WHAT YOU ARE ASKED TO DO: Print only the lines from the one with "Amazon: Blu-ray 4K" through the end of the data, exactly, and please omit pictures.
╭─ TASK DATA
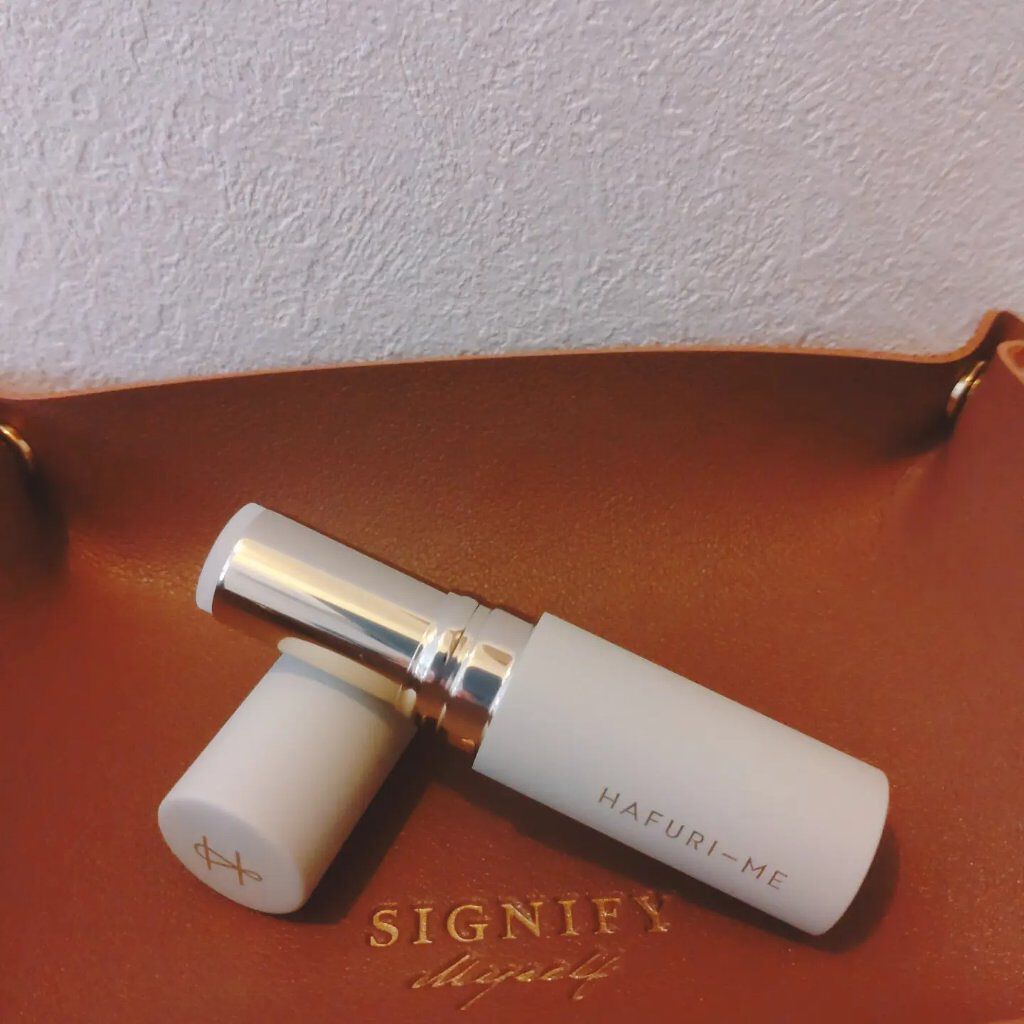 INORI リッチ スキン アミュレット/HAFURI-ME/美容液を使ったクチコミ（1枚目）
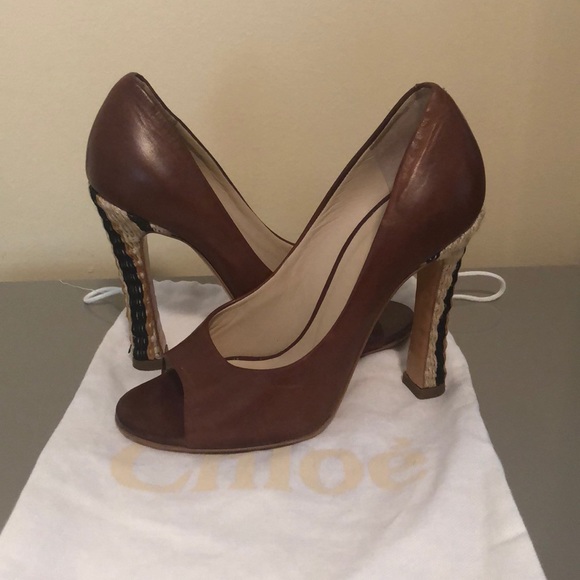 Chloe Shoes - Chloé Heels / Sandals Chloe Shoes - Chloé Heels / Sandals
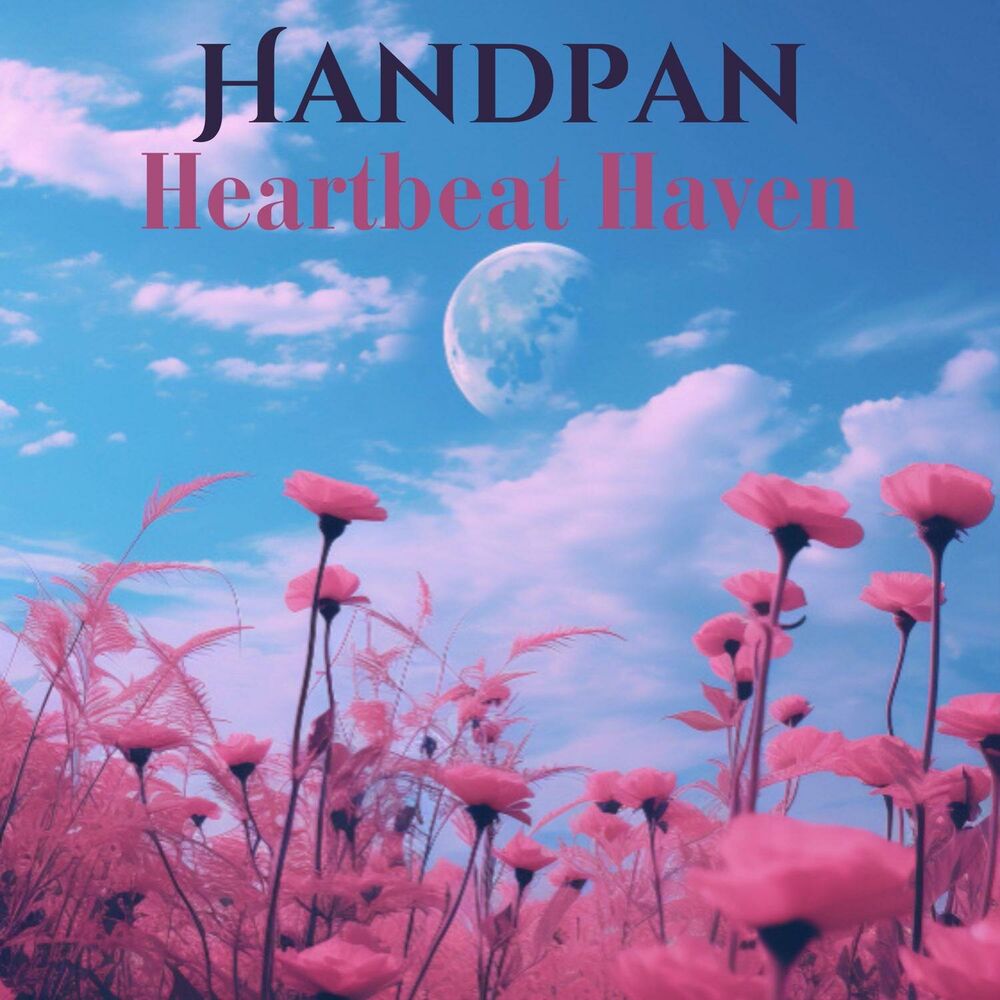 Picture of Heartbeat Haven: Handpan Therapy to Lower Heart Rate and Blood Pressure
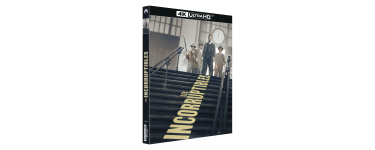 Amazon: Blu-ray 4K UHD - Les Incorruptibles à 13,07€ (au lieu de 14,56€)
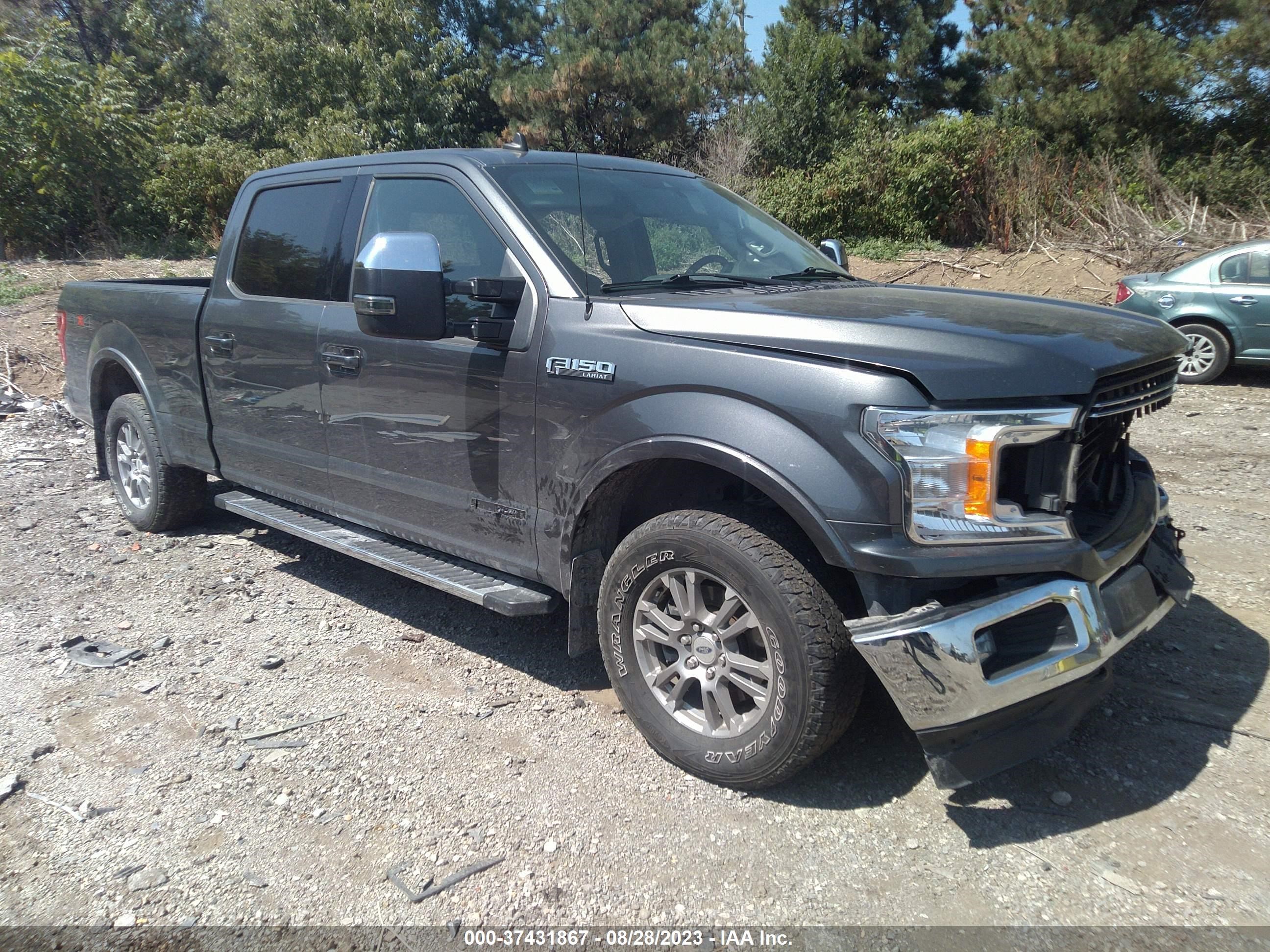 FORD F-150 2019 1ftfw1e11kfa70106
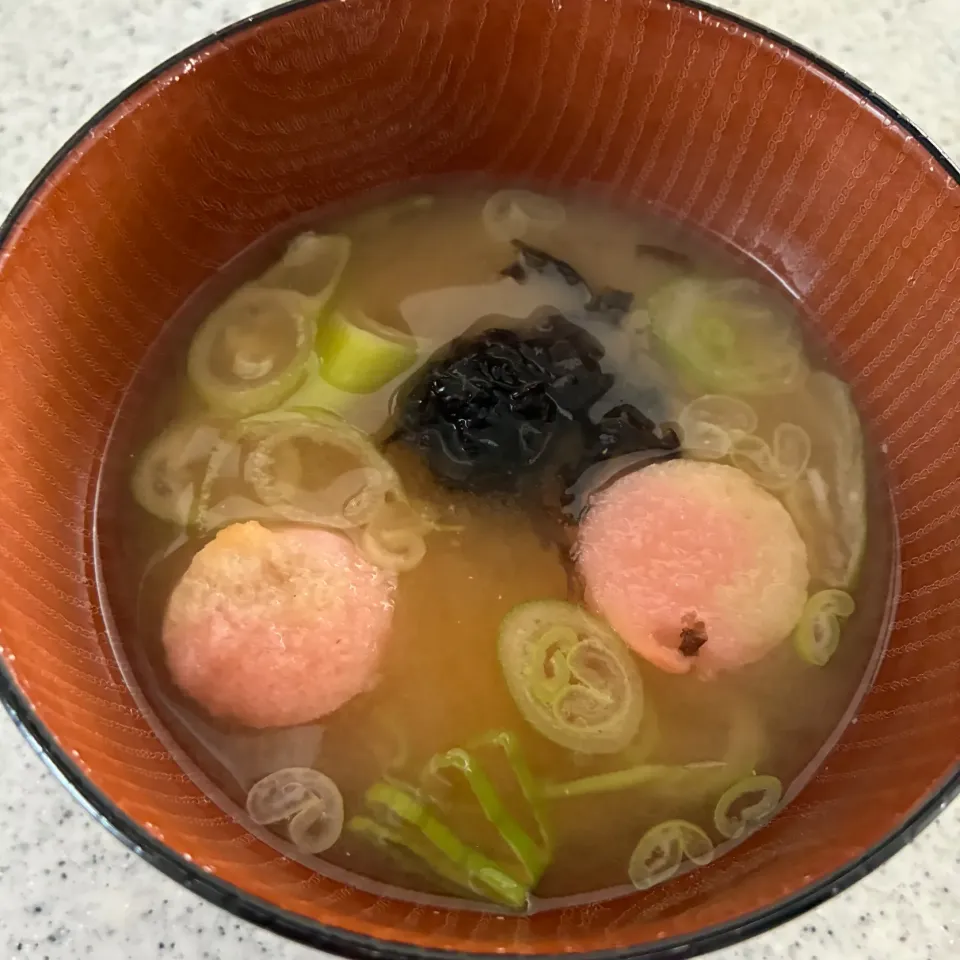 お湯を注ぐだけお味噌汁|yunyunさん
╰─
YOUR RESPONSE:
 Amazon: Blu-ray 4K UHD - Les Incorruptibles à 13,07€ (au lieu de 14,56€)
 FORD F-150 2019 1ftfw1e11kfa70106
 お湯を注ぐだけお味噌汁|yunyunさん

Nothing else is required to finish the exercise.